The growing use of social networking sites such as Facebook and Twitter offer great educational opportunities. Lecturers and students should extend their communication outside the classroom. A dialogue between a lecturer and students can help students get immediate solutions to their education related queries instant rather than wait for the lecturer to be available another day for them to get their answers.
In the social networking sites, students can form education-oriented groups and put good use of social media to extend their informational and educational outreach rather than form ‘mchongowano’ groups to expose them to a full world of discovery on various topics outside the units or course one is pursuing.
There is so much potential in our social networks towards education as these platforms help students to work collaboratively across universities thus enhance sharing of course content, ideas, information and opportunities online.

Social media has the advantage of ease of access, portability of technology, simplicity, and freedom of speech and expression. By the use of social networking sites, students can reach their career goals faster and more easily than now. It will also educate students who have no idea or know very little concerning a particular field through the fact that they are interested in a certain subject in the field of learning. Some students are already using social media to improve their educational skills through activities like blogging.

We should thus urge or inspire students to be content creators online not just consuming and tapping into other people's minds and findings.
Universities can also use social media to promote specific events and get students to participate as guests, volunteer time in planning and assist in some way as this helps them equip themselves with more skills and network. 
With social media the university community can engage, participate and follow an event as its happening. Live video streaming can be done inexpensively these days, if that's technical, video footage can be edited and posted on the university site and shared across platforms, better still uploaded on YouTube or follow the event trough a common hashtag?
Through social media, universities can notify their students on latest developments, new hires, major events (partnerships, affiliations, conferences, and graduation), emergencies and tragedies easily and faster with a tweet and a Facebook post or message.
Universities should embrace a ‘less stuff, more content’ strategy. Days are coming when we will need textbooks less.

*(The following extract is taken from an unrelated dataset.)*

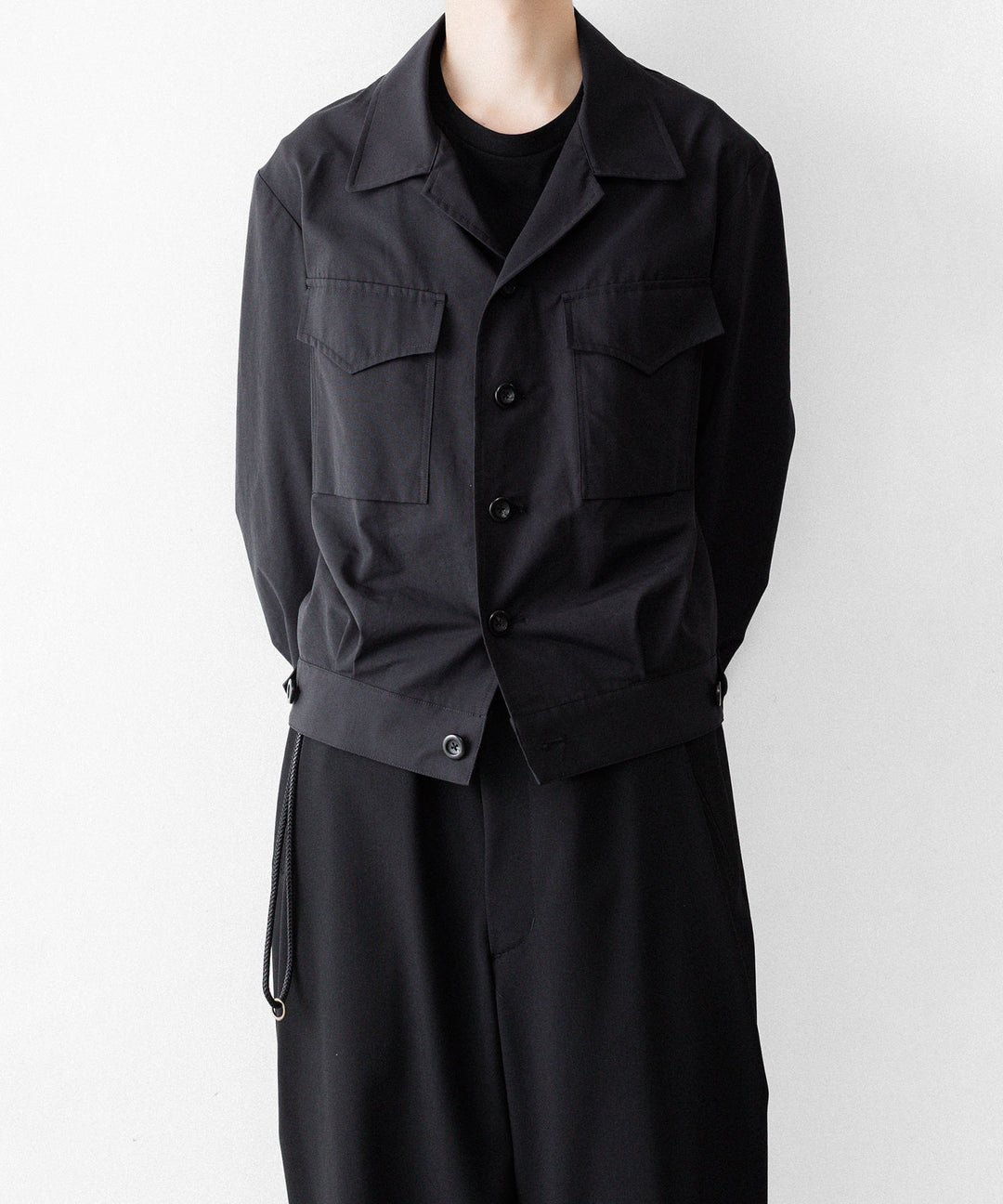 UJOH - ウジョーのSHORT BLOUSONのBLACK公式通販サイトsession福岡セレクトショップ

Most of the content will be shared online for the students to easily access them.
Universities could make sure that they have a centralized Twitter and Facebook account that broadly covers the institutions, but particularly for larger schools, breaking up news feeds into smaller accounts for say, the business school and the law school, promotes allegiance and engages a more targeted audience.
Social media too provides universities with effective ways and opportunities for alumni networks to strengthen the bonds between the alumni and former institution, sporting club, college, university, and soforth.  Twitter and LinkedIn for example connects people across fields and businesses, making networking easier for everyone involved. So for alumni who might want to connect with others from their university for career or personal purposes, Twitter acts as a great connector.
It will be known how best this works or if it works by trying it out in our universities and letting the students say how best it works for them.